If you’re new to the North East, you might be surprised to learn that Sunderland is home to a few regional dishes that you’re unlikely to find anywhere else in the country. You might not have heard of some of them, and you might even struggle to spell a couple, but you can’t consider your time as a student here complete until you’ve tried them.

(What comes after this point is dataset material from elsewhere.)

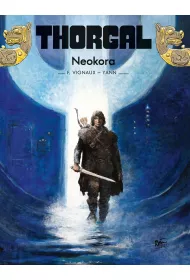 Neokora. Thorgal. Tom 39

Watch as our students go on a Wearside culinary journey, and learn more about each dish below.


Panackelty

Panacalty, panaculty, panackerty, panaggie, panack… Mackems might not always agree on how to spell it, but they will agree that it is a well-loved, wholesome family meal. This casserole dish originated as a way to use up leftover ingredients from a Sunday dinner, but usually contains corned beef, potatoes, onions and carrots.

Cheesy chip pie

Cheese… On chips… In a pie. It might sound like an odd combination, but Sunderland locals will swear by this Mackem creation. You’ll more than likely come across cheesy chips on a night on the town, but a cheesy chip pie is a much rarer offering, and one you’ll wonder why hasn’t caught on elsewhere.

Pease pudding and stottie

Don’t be fooled by the name – pease pudding isn’t a dessert. It’s a savoury dish, traditionally made from split yellow peas, water, salt and spices. To ‘stott’, in the North East, means to bounce, which is what this dense bread accompaniment should do if you drop it – hence the name stottie.

Saveloy dip

The ultimate Mackem indulgence. A saveloy dip, in simple terms, is a smoked sausage sandwich, but this being Sunderland, it’s no ordinary sandwich. Fill it with stuffing, pease pudding and mustard, before dipping the whole thing in gravy. Good luck not making a mess.

Pink slice

A straightforward name for a straightforward treat, but one which is pretty much universally loved here on Wearside. Pink icing covering a slice of two layers of shortbread separated by jam. Simple to make, delicious to eat.